◆ Your instructions ◆
Copy the data exactly. Images are the one exception.

◆ Provided material ◆
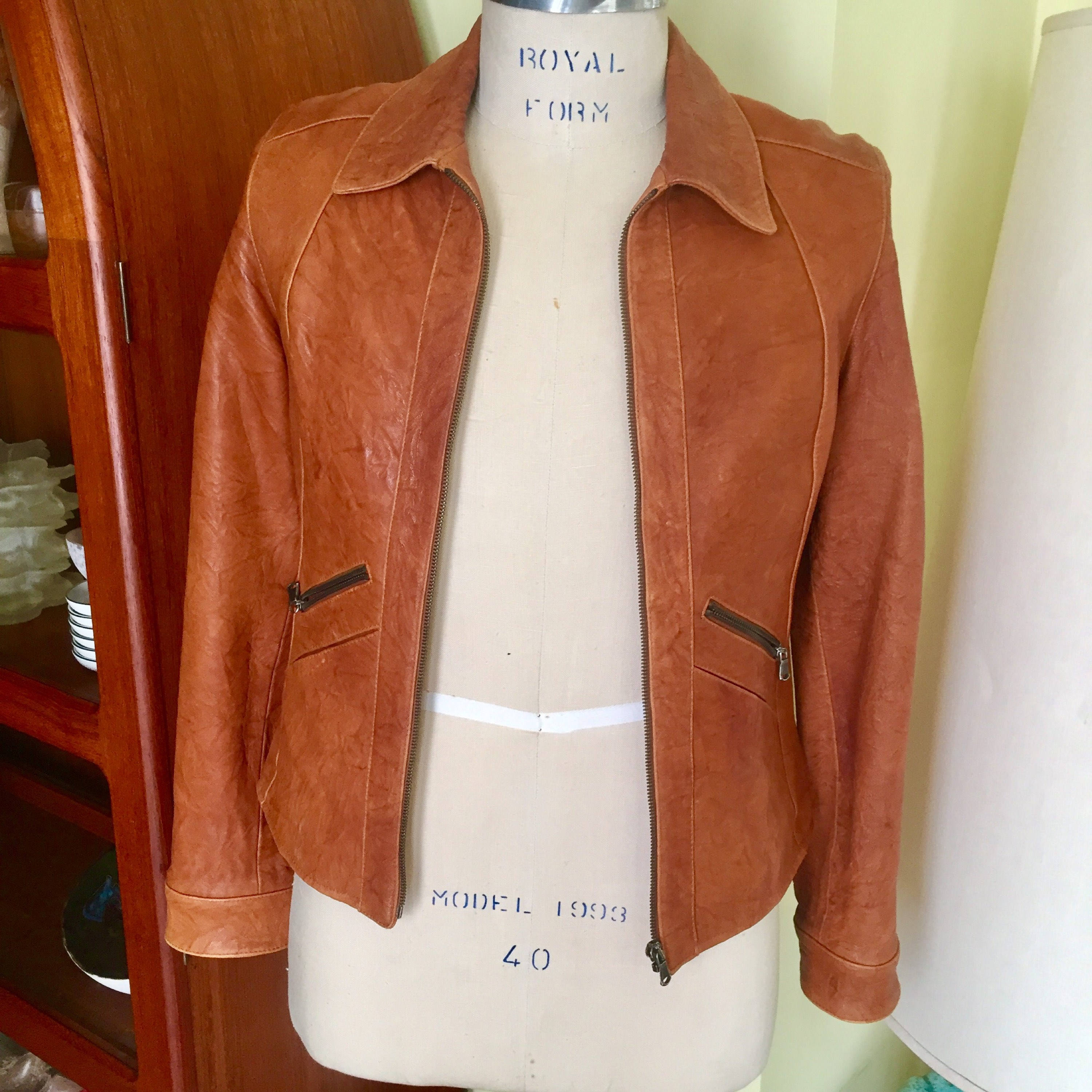 Peruzzi Italy Jacket Vintage Womens Leather Short Waist - Etsy
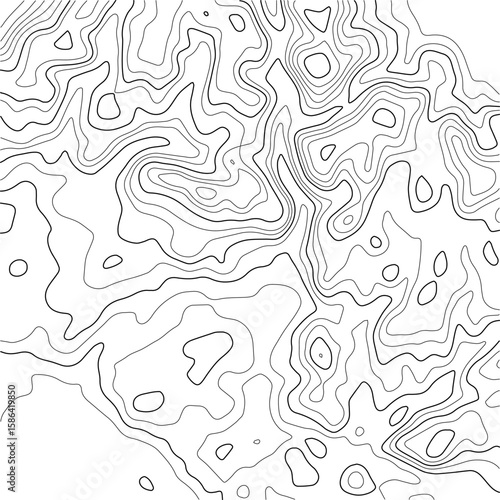 Contour topographic map. Geographic grid map background. Black lines on white background. Vector illustration.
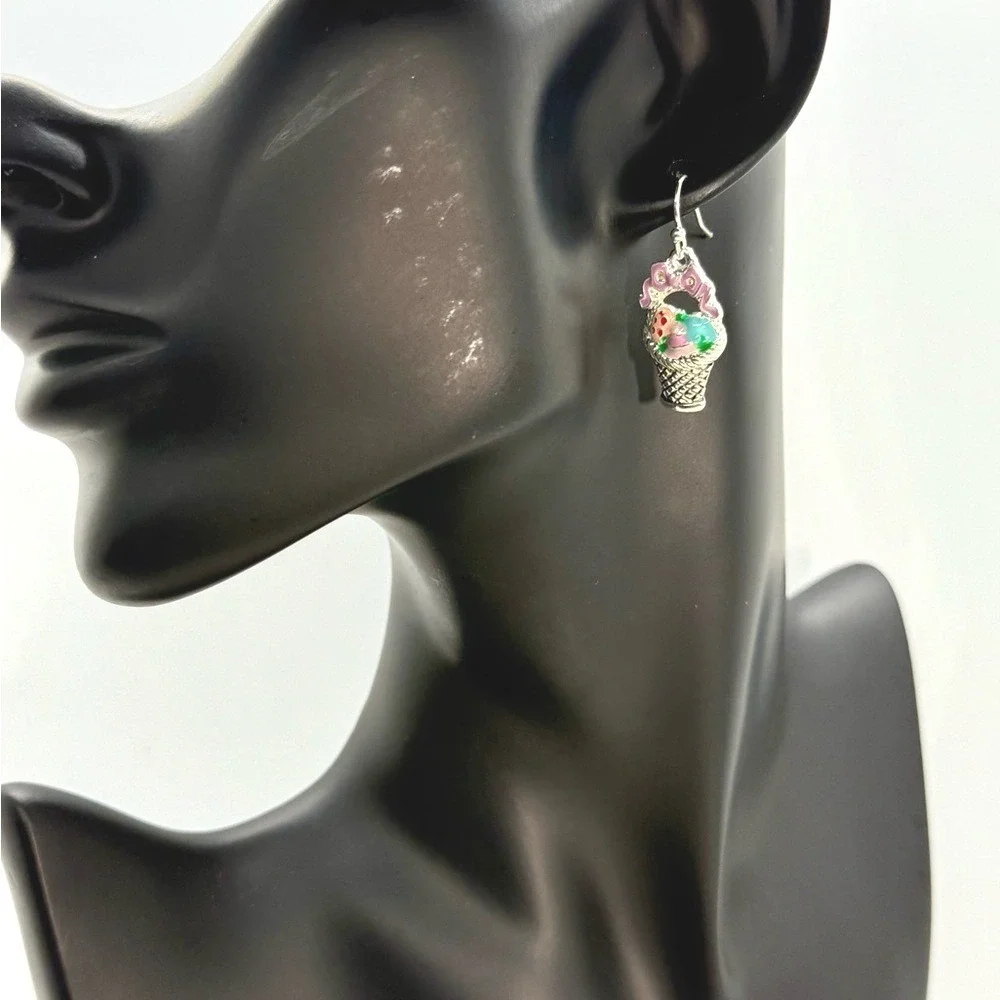Easter Basket Drop Earrings Silver Tone Enamel‎ Pastel Eggs Bow Spring Jewelry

◆ Result of this exercise ◆
 Peruzzi Italy Jacket Vintage Womens Leather Short Waist - Etsy
 Contour topographic map. Geographic grid map background. Black lines on white background. Vector illustration.
Easter Basket Drop Earrings Silver Tone Enamel‎ Pastel Eggs Bow Spring Jewelry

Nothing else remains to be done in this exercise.